WHAT IS NEEDED.
Write out the entries below exactly as they stand. Skip every image.

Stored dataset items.
********

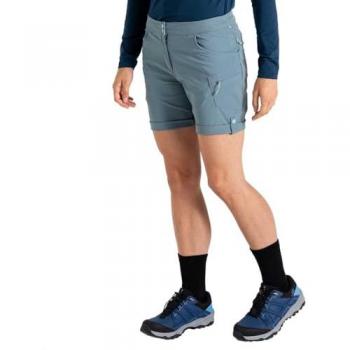 Dare2b Melodic III Pantaloni Corti Donna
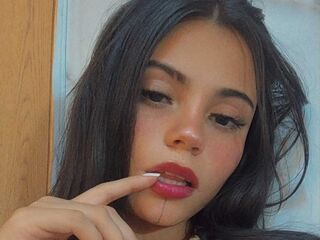 girl chatroom NathasaTay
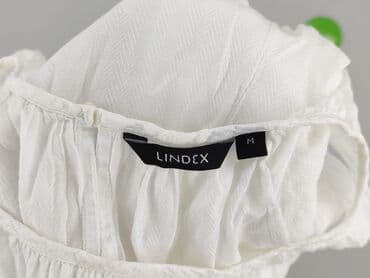 lindex kurtka damska: Lindex, Bluzka damska, rozmiar M — 5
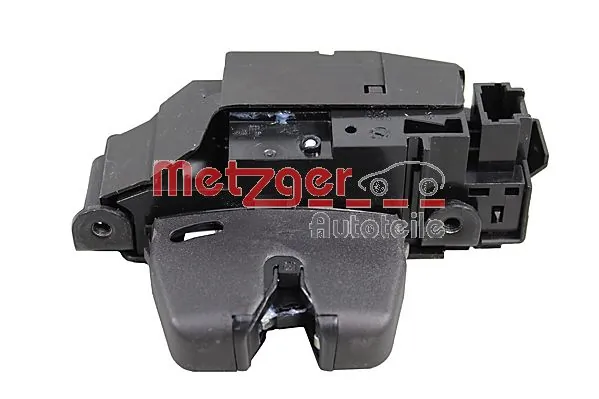 2310703 Metzger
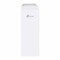 Фото - Точка доступу TP-Link EAP211-Bridge KIT | click.ua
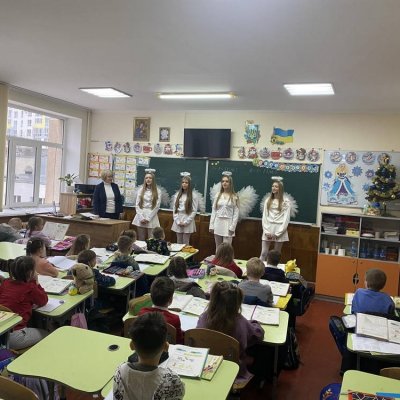 изображение_viber_2024-12-05_15-21-33-383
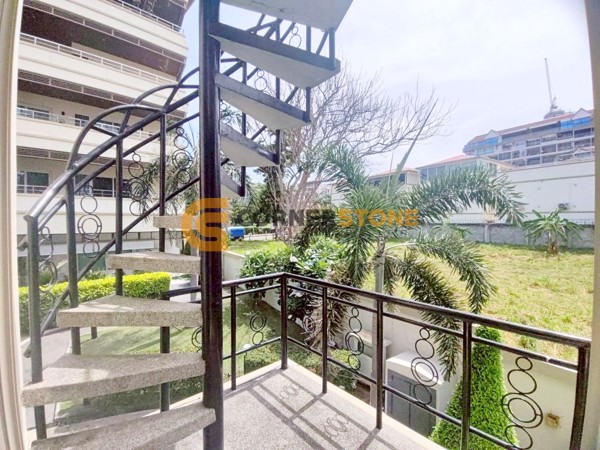 Picture of 2 bedroom Condo in VN Residence 2 Pratumnak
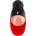 PDX Автоматичен мастурбатор Pressure Master (26, 8 cm)
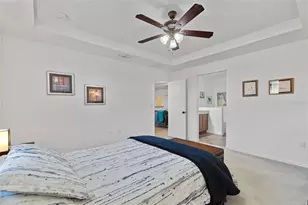 3284 Lynrock Ave, Dundee, FL 33838 - Photo 16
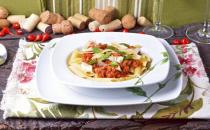 油冒煙時才下鍋易致癌？4個炒菜習慣易致癌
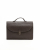 Bottega Veneta Intrecciato Business Bag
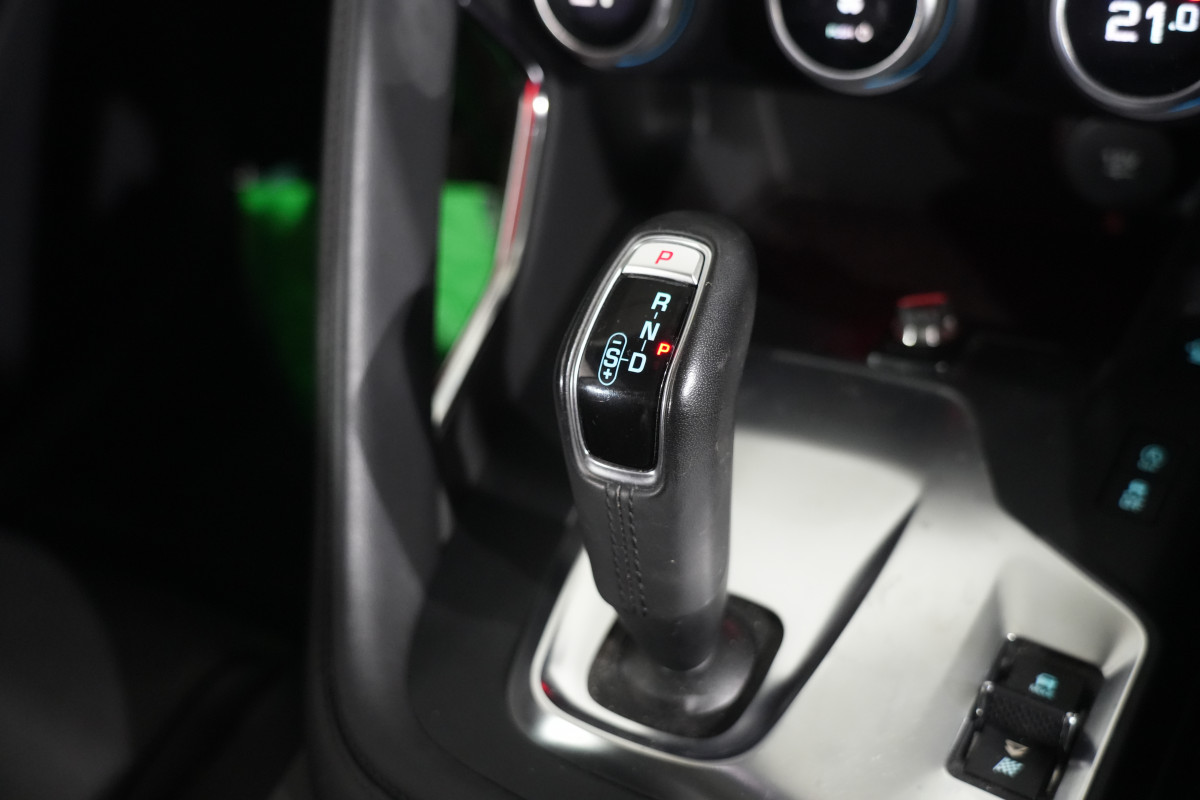 2019 Jaguar E-PACE P200 S SUV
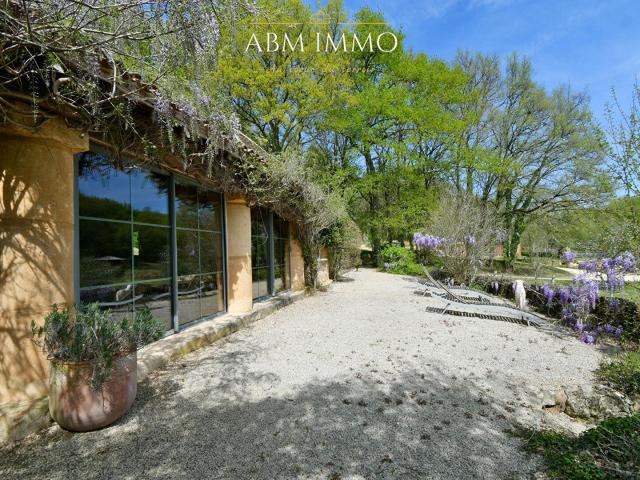 Maison vente à Bergerac, Saint-félix-de-villadeix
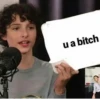 Finn Wolfhard 24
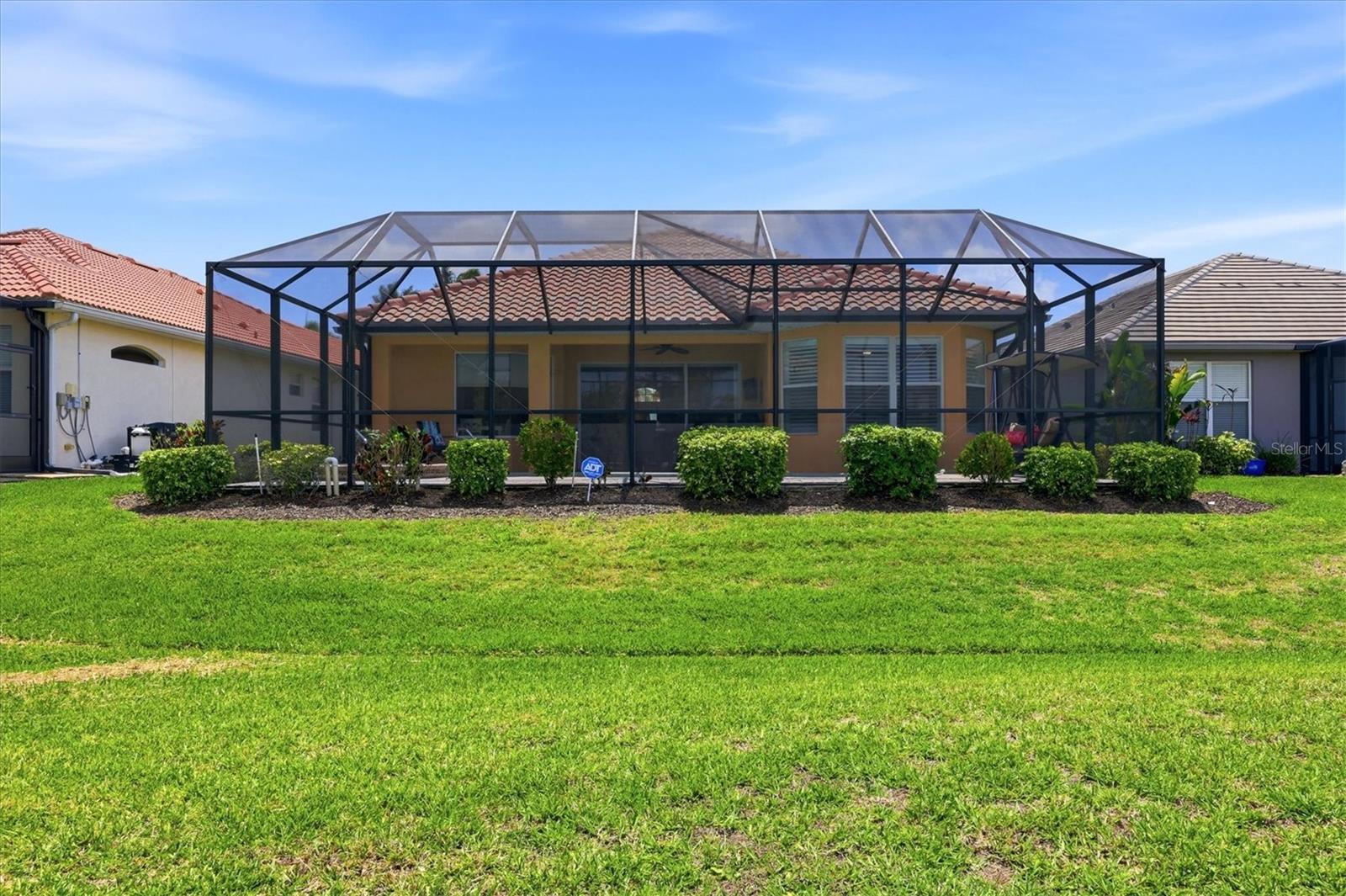 Image 38 of 88 For 4811 Blue Heron Circle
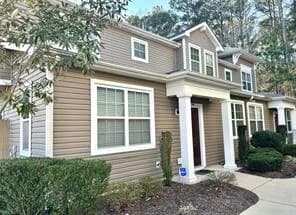 2626 Leytonstone DR #350, CHESAPEAKE VA 23321 - Photo 2
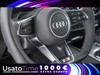Audi TT 45 2.0 tfsi quattro s tronic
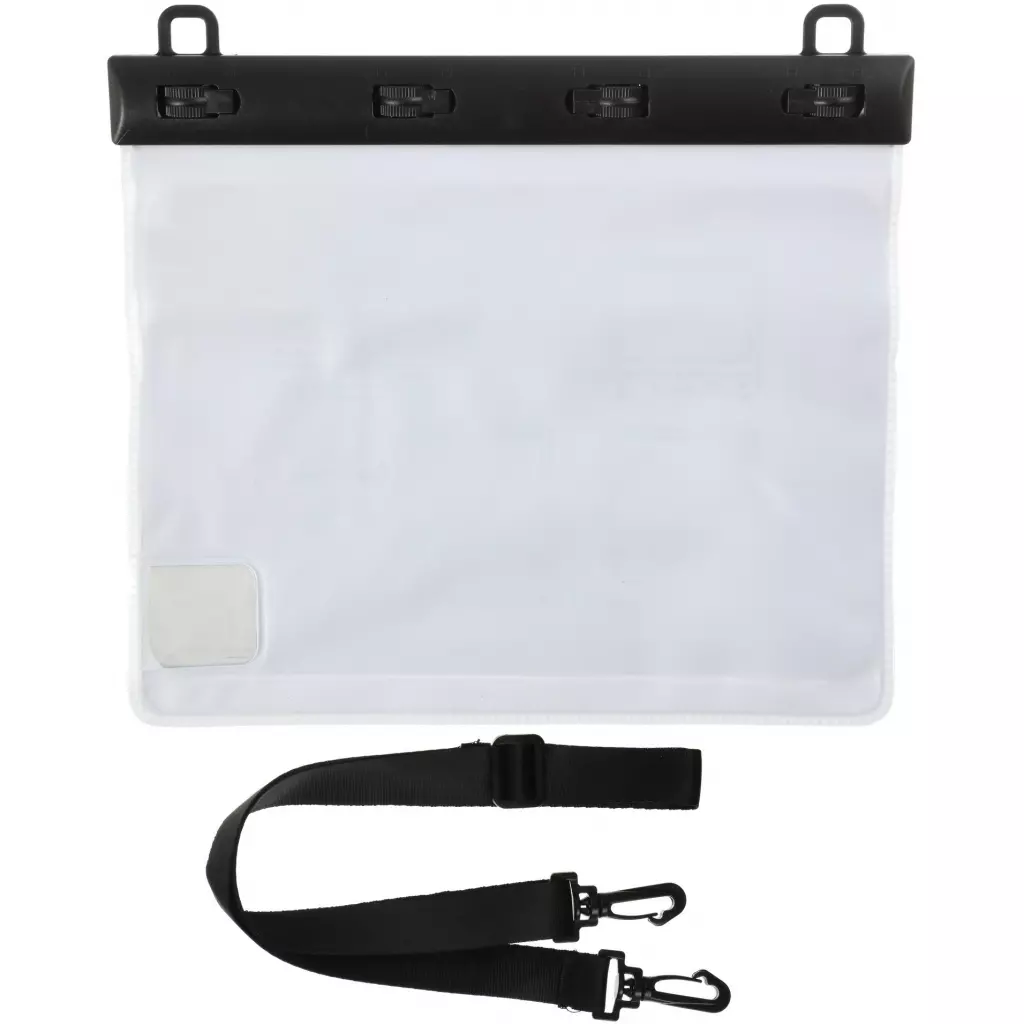 Чехол для планшета Armorstandart 9" Waterproof Case White (ARM59200) - 1 Чехол для планшета Armorstandart 9" Waterproof Case White (ARM59200) - 1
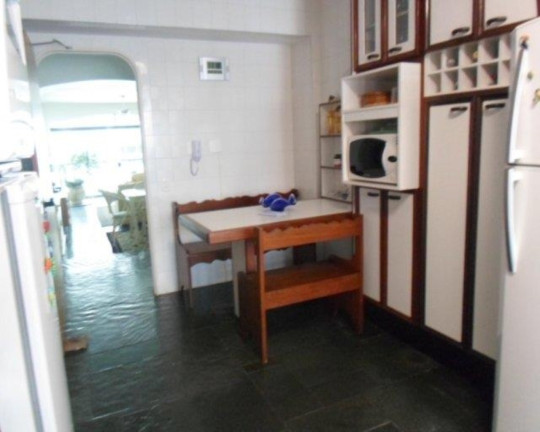 Imagem Apartamento com 3 Quartos à Venda, 174 m² em Pitangueiras - Guarujá Imagem Apartamento com 3 Quartos à Venda, 174 m² em Pitangueiras - Guarujá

********

ANSWER SPACE.
 Dare2b Melodic III Pantaloni Corti Donna
 girl chatroom NathasaTay
 lindex kurtka damska: Lindex, Bluzka damska, rozmiar M — 5
 2310703 Metzger
 Фото - Точка доступу TP-Link EAP211-Bridge KIT | click.ua
 изображение_viber_2024-12-05_15-21-33-383
 Picture of 2 bedroom Condo in VN Residence 2 Pratumnak
 PDX Автоматичен мастурбатор Pressure Master (26, 8 cm)
 3284 Lynrock Ave, Dundee, FL 33838 - Photo 16
 油冒煙時才下鍋易致癌？4個炒菜習慣易致癌
 Bottega Veneta Intrecciato Business Bag
 2019 Jaguar E-PACE P200 S SUV
 Maison vente à Bergerac, Saint-félix-de-villadeix
 Finn Wolfhard 24
 Image 38 of 88 For 4811 Blue Heron Circle
 2626 Leytonstone DR #350, CHESAPEAKE VA 23321 - Photo 2
Audi TT 45 2.0 tfsi quattro s tronic
 Чехол для планшета Armorstandart 9" Waterproof Case White (ARM59200) - 1 Чехол для планшета Armorstandart 9" Waterproof Case White (ARM59200) - 1
 Imagem Apartamento com 3 Quartos à Venda, 174 m² em Pitangueiras - Guarujá Imagem Apartamento com 3 Quartos à Venda, 174 m² em Pitangueiras - Guarujá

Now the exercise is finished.